Nothing but sky in the rearview mirror? Best find a different spot. You won’t be able to draw your bow, or even flick off a safety, without getting picked off.

POOR ENTRY ROUTES

If you can’t get to the treestand without spooking deer — visually, audibly, or with your scent — it isn’t a good stand location, and you’re only hurting yourself by hunting there.

POOR EXIT ROUTES

The same holds true for the return trek. Tomorrow’s hunt is only as good as today’s walk out. Spook a bunch of deer on the retreat, and it’ll surely impact future trips afield.

TOO FAR FROM ACTIVITY

You like watching deer? That’s all you’ll be doing if you select a tree that’s too far from the action. Giddy-on-up and get a little closer to the traffic.

TOO CLOSE TO ACTIVITY

Reign it in, captain. You don’t want to be shooting straight down at them. Find the happy medium, and do your best to set up for that 15-20-yard shot opportunity.

NO SHOOTING LANES

Having good cover is one thing. Have too much is another. Don’t go full Edward Scissorhands on the forest, but zip a few lanes to shoot through.

BAD WIND

If deer smell you, it’s over. Keep prevailing winds in mind when hanging long-term stands. Check wind directions before going in to hunt, or before using the hang-and-hunt tactic.

LEANING TRUNKS

No one wants to kiss their feet will sitting in the stand. And as relaxing as it might be, leaning back isn’t optimal, either. Find that straight trunk.
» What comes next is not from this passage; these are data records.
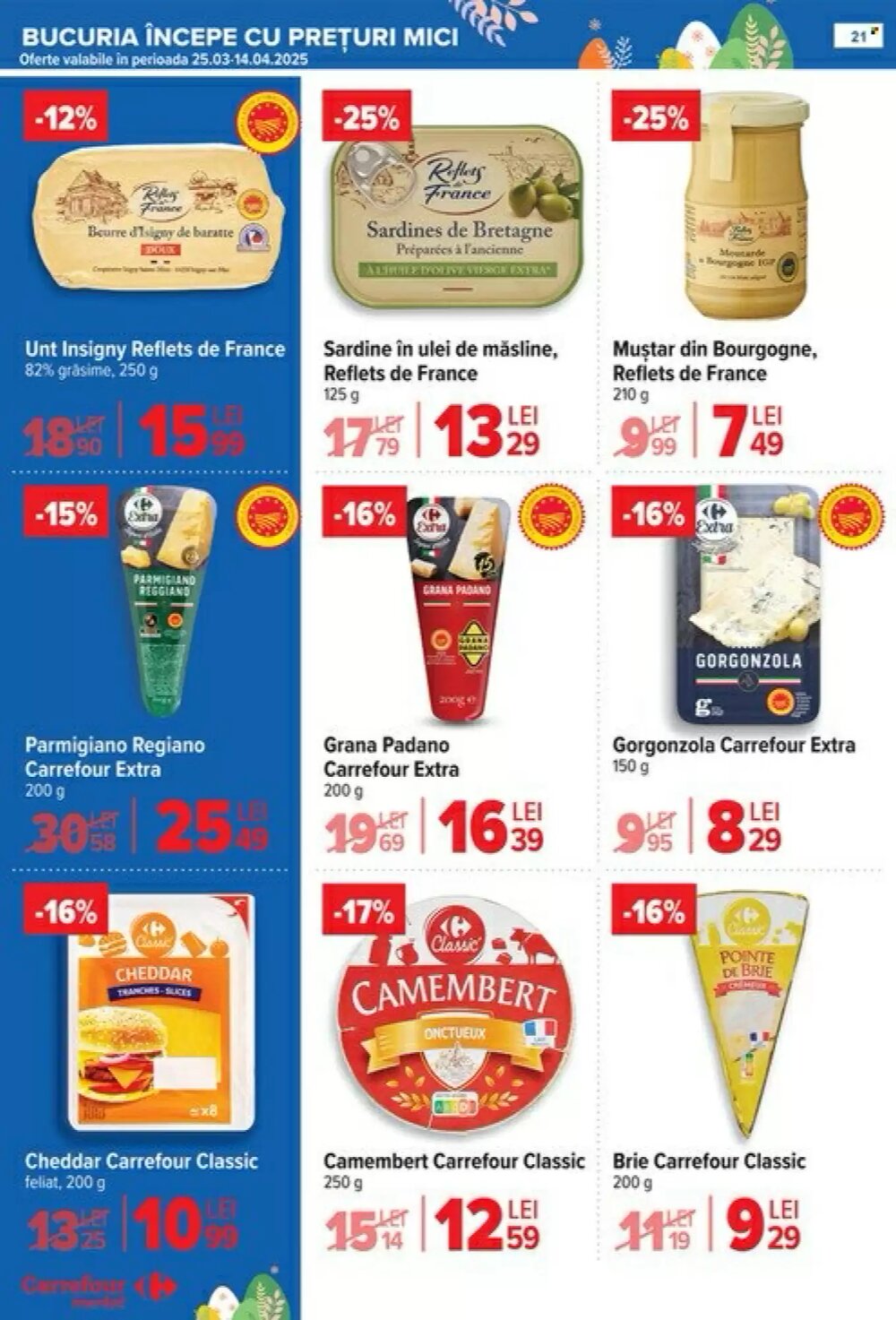 Catalogul cu oferte Carrefour Market valabil de la 06.04.2026 - Pagina 26.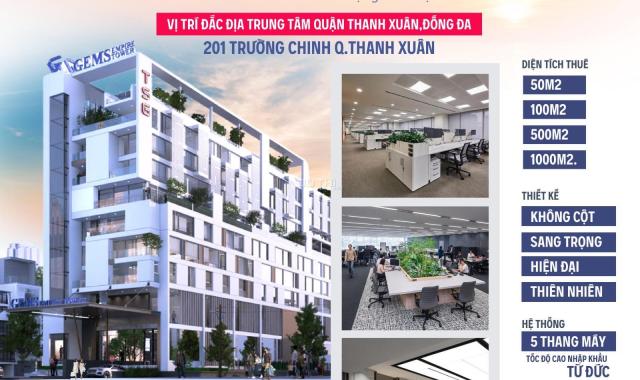 Cho thuê văn phòng Gems Empire Tower - Vị trí vàng Quận Đống Đa – Thanh Xuân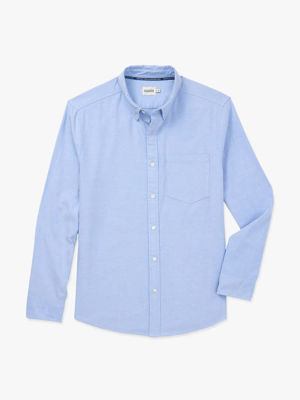 Salty Oxford Shirt - Light Blue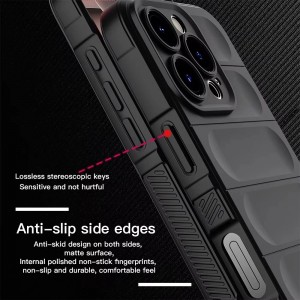 کاور مدل Armor مناسب برای گوشی موبایل اپل iPhone 16 Pro Max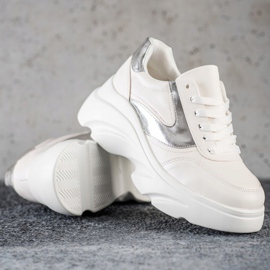 Seastar Baskets mode blanche 1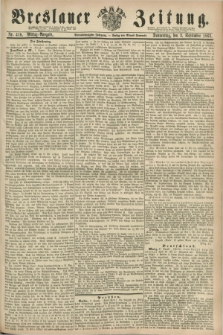 Breslauer Zeitung. Jg.44, Nr. 410 (3 September 1863) - Mittag-Ausgabe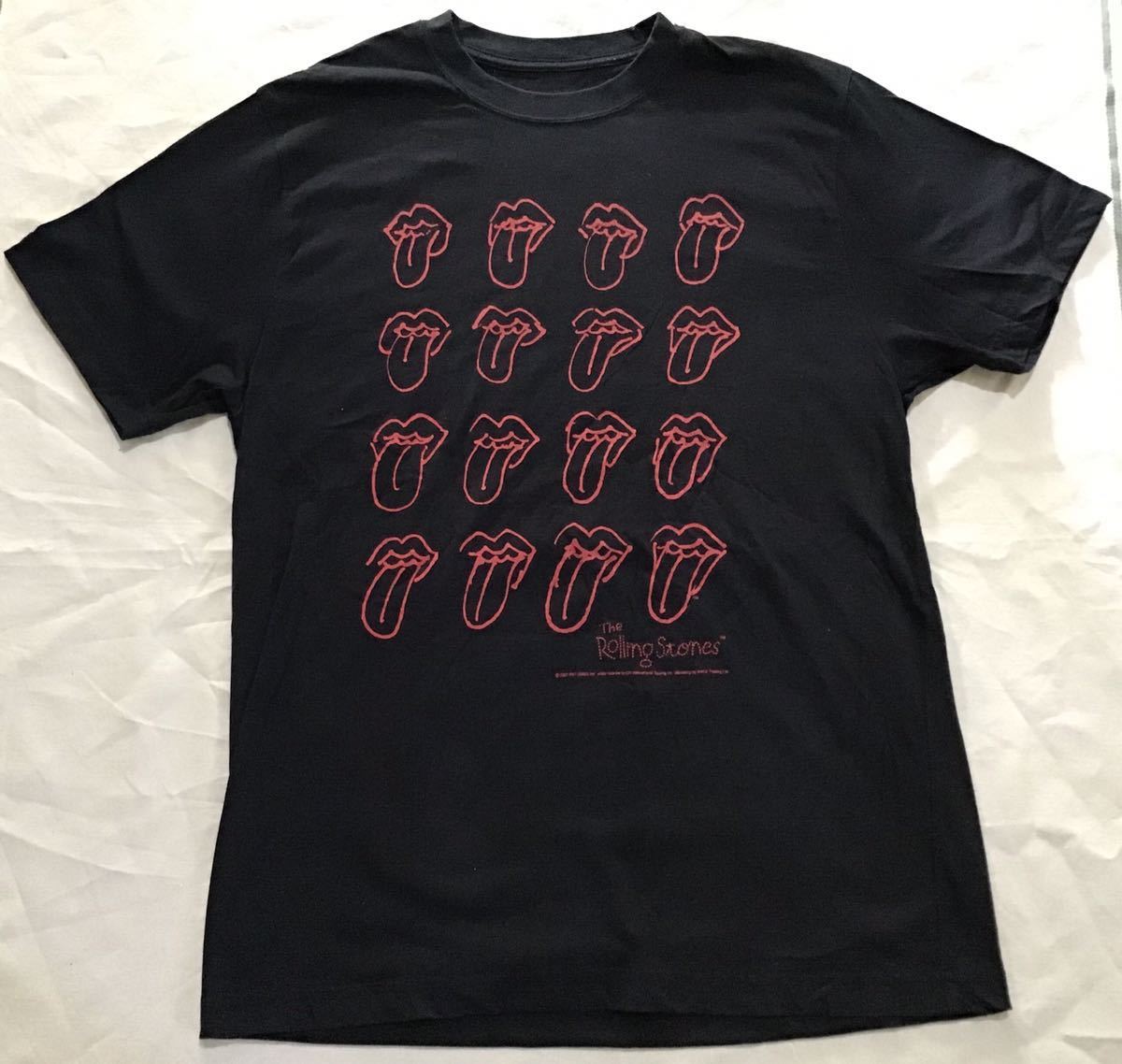 ローリング・ストーンズ★2007コラボデザインTシャツ Mサイズ★Rolling Stones_画像1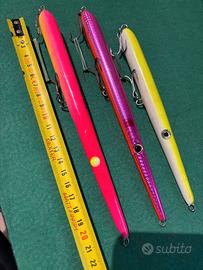 Spinning needle pesca mare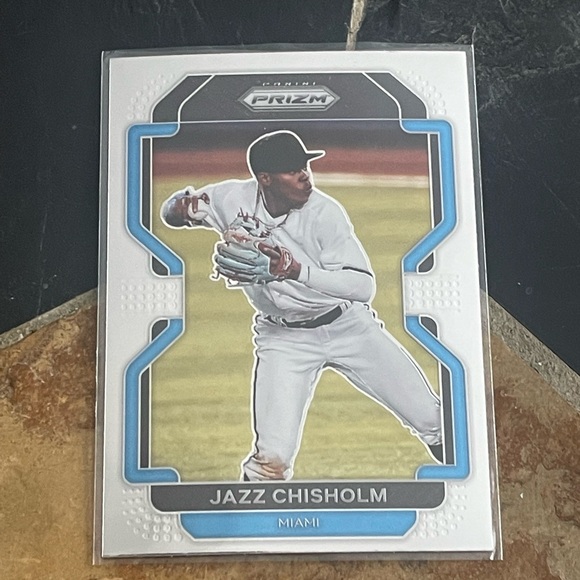 (9) Jazz Chisholm Jr Cards 22', 23', 24' Flordia Marlins MLB - Picture 9 of 10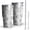 Pioneer Flower Floral, variant on 30oz Pioneer Flower Floral Print Pattern Tumbler, Double Wall Vacuum Insulated Cup, BPA-Free Leak Proof Lid & Reusable Straws, Hot 12h, Cold 34h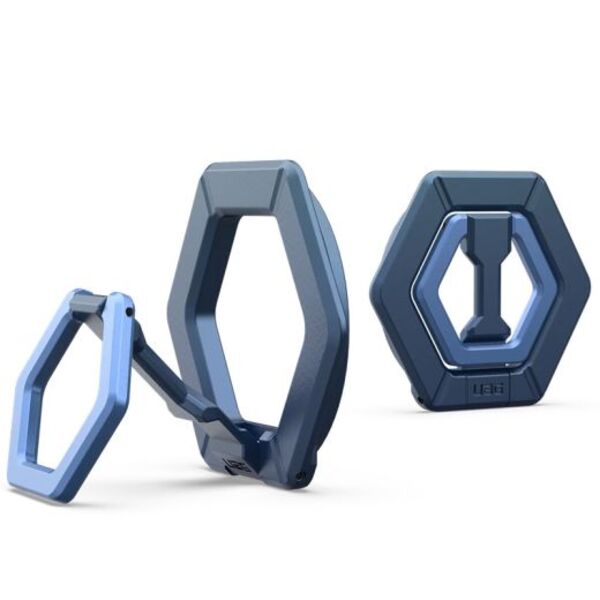 Магнітне кільце-тримач UAG Magnetic Ring Stand, Mallard/Bright Blue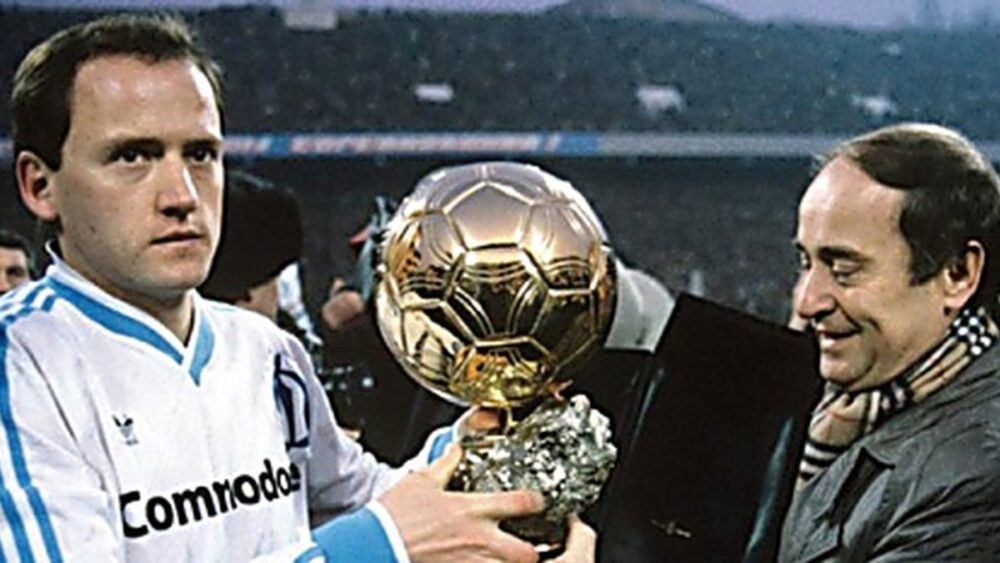 Легенди футболу: володар «Золотого м’яча» 1986 року Ігор Бєланов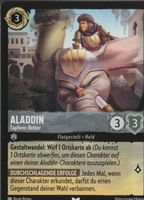 TCG Disney LORCANA URSULAS RÜCKKEHR 171 Aladdin - Tapferer R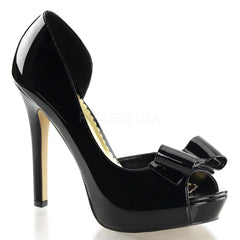 LUMINA-32  Black Patent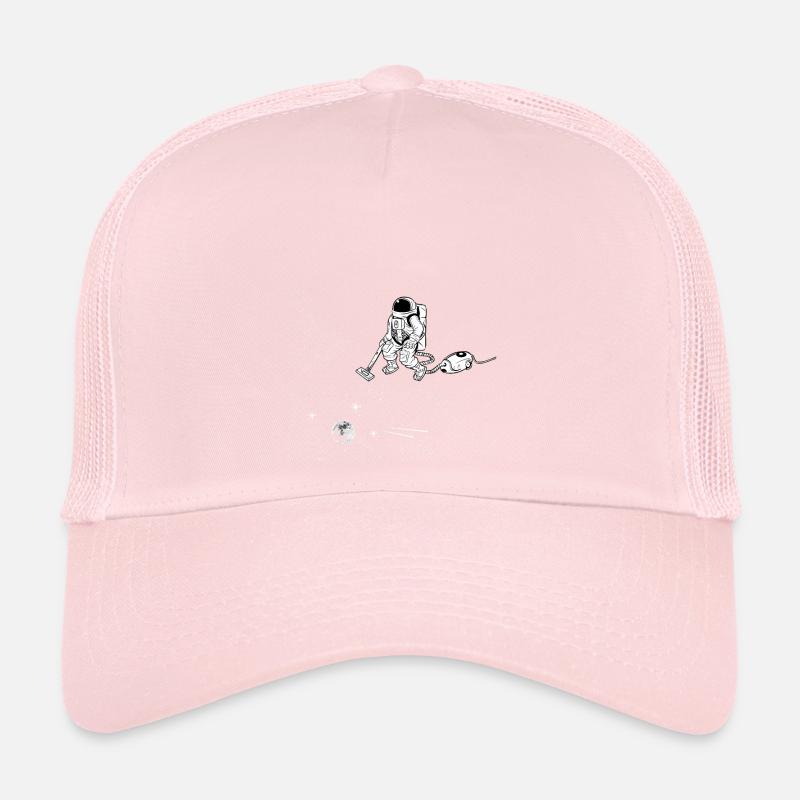 Space vacuum cleaner Trucker Cap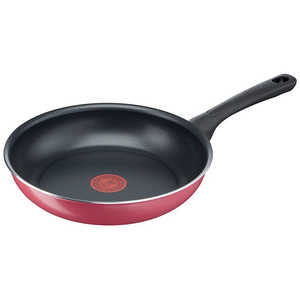 T-fal クランベリーレッド フライパン 26cm B55905 T-fal クランベリーレッド フライパン 26cm B55905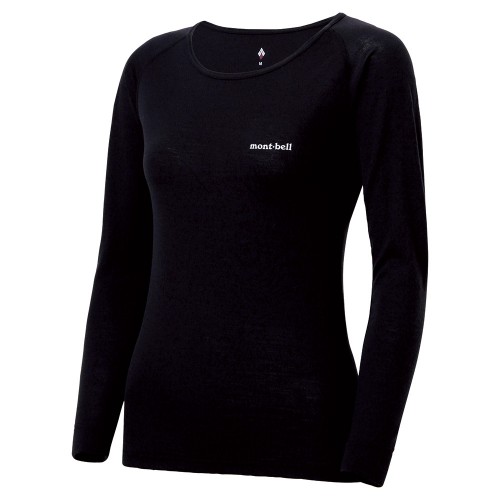Super Merino Wool Light Weight Round Neck Shirt - Women
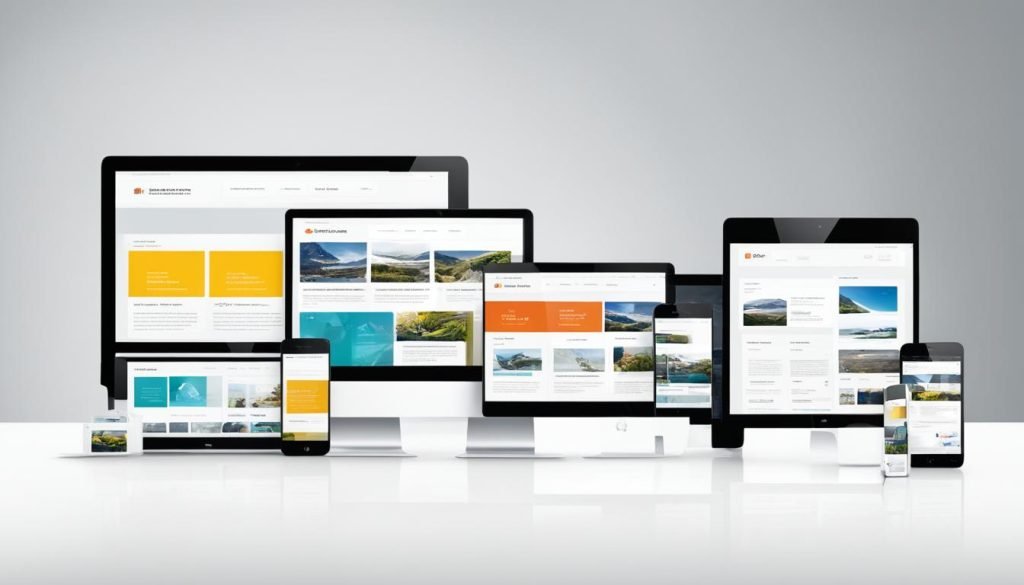 responsive web design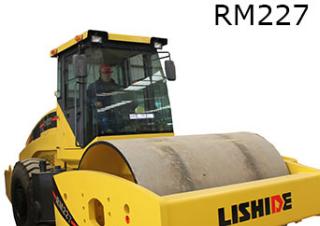 Walsen Enkele-trommelwals Lishide RM227
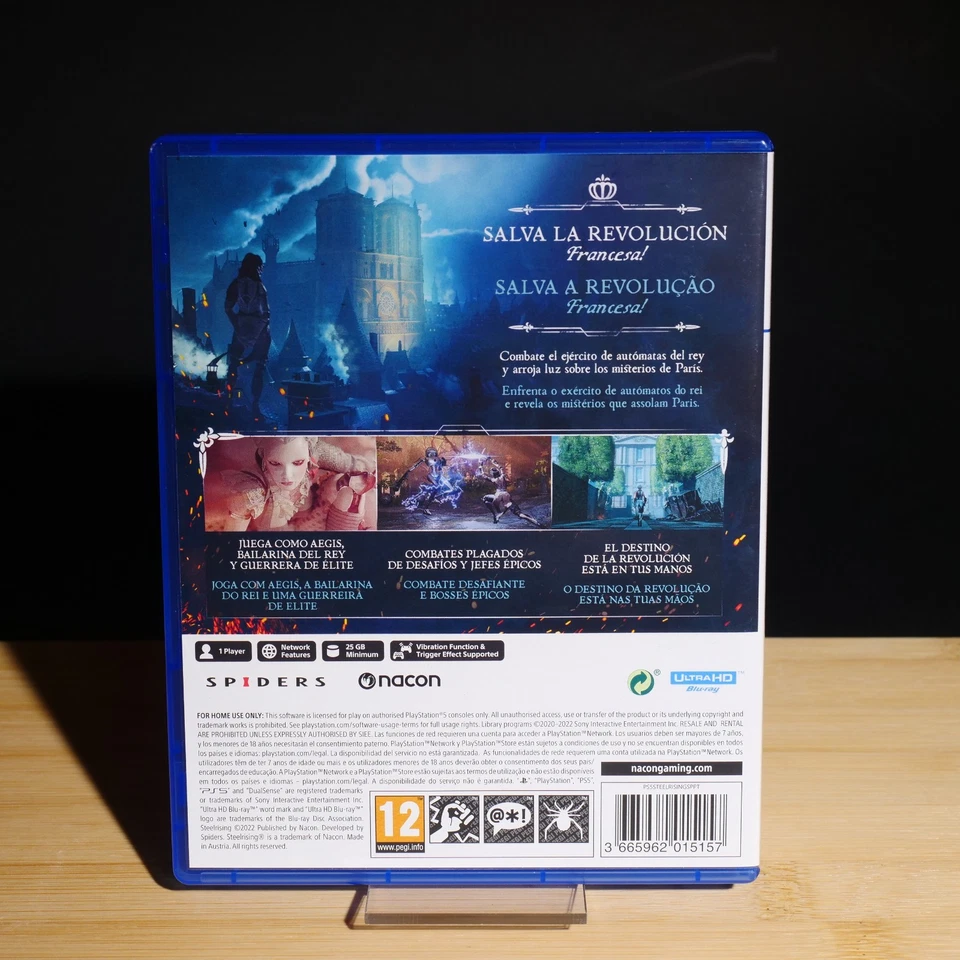 Steelrising PS5 (SP) [PO145326], foto 2 de 5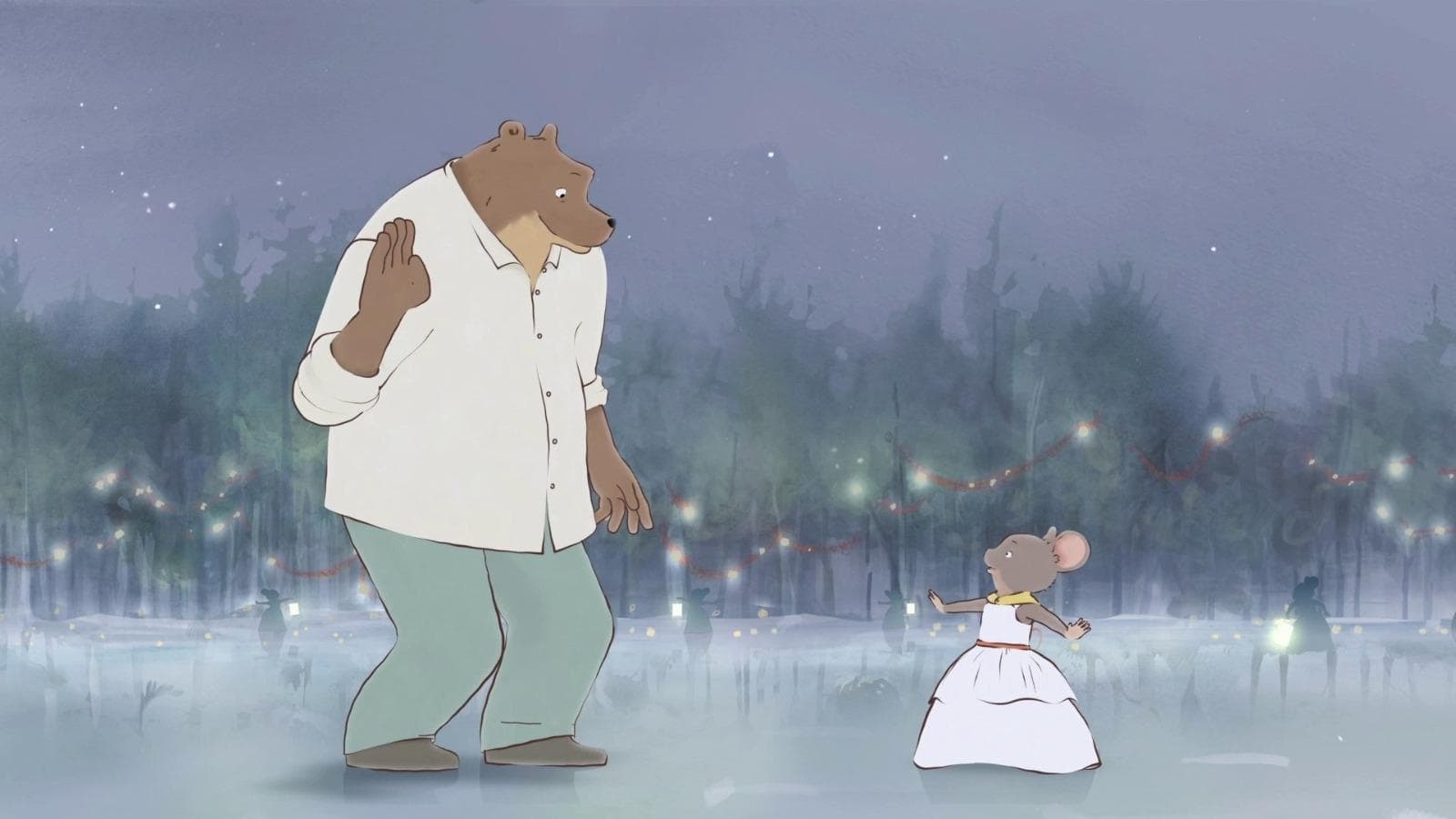Ernest et Célestine en hiver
At the end of the day, choosing the right tree to hang your treestand is usually something we figure out after we have success in it, up until then it's all specualation. While there are very few perfect trees to hunt from, you can save yourself a lot of headaches by avoiding trees that are going to give you nothing but headaches trying to make them work.